The Covenanters, now mostly forgotten, were America's first Christian nationalists. For two centuries they decried the fact that, in their view, the United States was not a Christian nation because slavery was in the Constitution but Jesus was not. Having once ruled Scotland as a part of a Presbyterian coalition, they longed to convert America to a holy Calvinist vision in which church and state united to form a godly body politic. Their unique story has largely been submerged beneath the histories of the events in which they participated and the famous figures with whom they interacted, making them the most important religious movement in American history that no one remembers.
Despite being one of North America's smallest religious sects, the Covenanters found their way into every major revolt. They were God's rebels--just as likely to be Patriots against Britain as they were to be Whiskey Rebels against the federal government. As the nation's earliest and most avowed abolitionists, they had a significant influence on the fight for emancipation. In Founding Sins, Joseph S. Moore examines this forgotten history, and explores how Covenanters profoundly shaped American's understandings of the separation of church and state.

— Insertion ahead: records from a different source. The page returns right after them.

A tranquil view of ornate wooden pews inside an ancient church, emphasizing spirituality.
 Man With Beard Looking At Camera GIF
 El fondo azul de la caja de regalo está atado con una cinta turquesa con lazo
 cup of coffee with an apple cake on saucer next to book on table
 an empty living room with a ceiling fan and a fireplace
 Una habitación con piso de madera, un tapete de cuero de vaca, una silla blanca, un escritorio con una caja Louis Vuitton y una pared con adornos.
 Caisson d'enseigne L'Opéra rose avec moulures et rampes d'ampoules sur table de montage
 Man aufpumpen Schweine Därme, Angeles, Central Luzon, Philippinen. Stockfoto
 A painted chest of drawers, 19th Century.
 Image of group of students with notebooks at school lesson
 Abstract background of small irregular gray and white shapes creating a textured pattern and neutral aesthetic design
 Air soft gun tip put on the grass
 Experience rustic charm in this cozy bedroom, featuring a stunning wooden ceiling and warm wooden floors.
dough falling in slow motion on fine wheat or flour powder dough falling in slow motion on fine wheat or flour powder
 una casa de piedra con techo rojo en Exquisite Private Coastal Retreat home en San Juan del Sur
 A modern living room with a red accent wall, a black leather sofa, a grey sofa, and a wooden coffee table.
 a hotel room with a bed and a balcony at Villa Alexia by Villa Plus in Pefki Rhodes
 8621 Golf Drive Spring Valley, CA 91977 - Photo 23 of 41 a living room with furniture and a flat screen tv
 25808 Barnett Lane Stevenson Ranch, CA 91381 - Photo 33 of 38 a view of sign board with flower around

While modern arguments about America's Christian founding usually come from the right, the Covenanters have a more complicated legacy. They fought for an explicitly Christian America in the midst of what they saw as a secular state that failed the test of Christian nationhood. But they did so on behalf of a cause--abolition--that is traditionally associated with the left. Though their attempts to insert God into the Constitution ultimately failed, Covenanters set the acceptable limits for religion in politics for generations to come.